## What is expected
Line by line, repeat the material below exactly and leave the images out.

## Recorded data

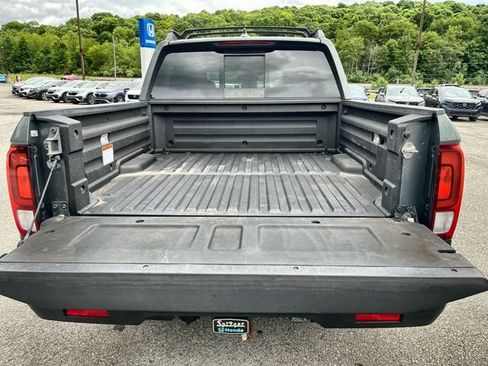Used 2018 Honda Ridgeline RTL-E image 23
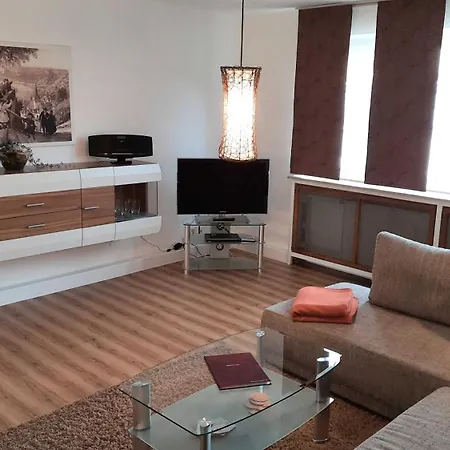 Fuchsdomizil Apartment *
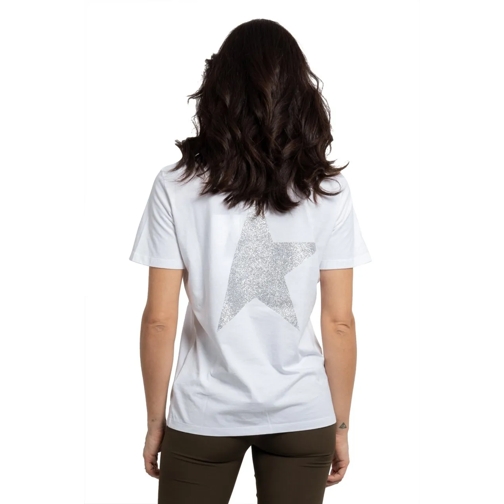 Golden Goose T-shirts Golden Goose T-shirts and Polos White weiß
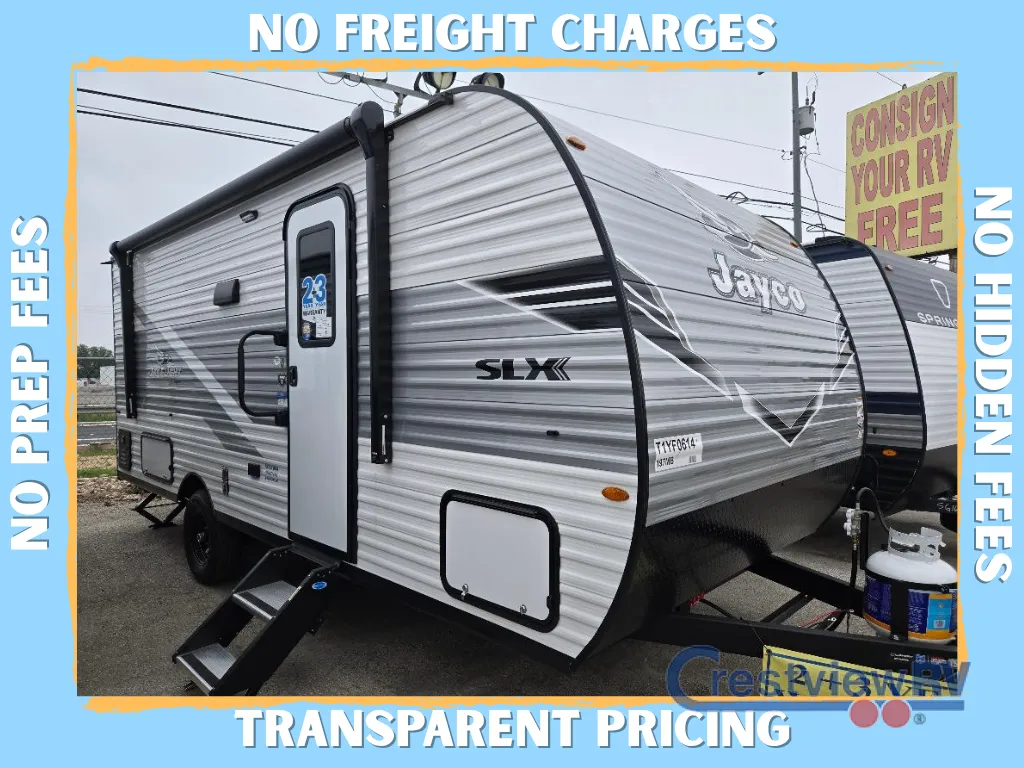 2026 Jayco Jay Flight SLX 197MB - Photo 2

## Output for this exercise
Used 2018 Honda Ridgeline RTL-E image 23
 Fuchsdomizil Apartment *
 Golden Goose T-shirts Golden Goose T-shirts and Polos White weiß
 2026 Jayco Jay Flight SLX 197MB - Photo 2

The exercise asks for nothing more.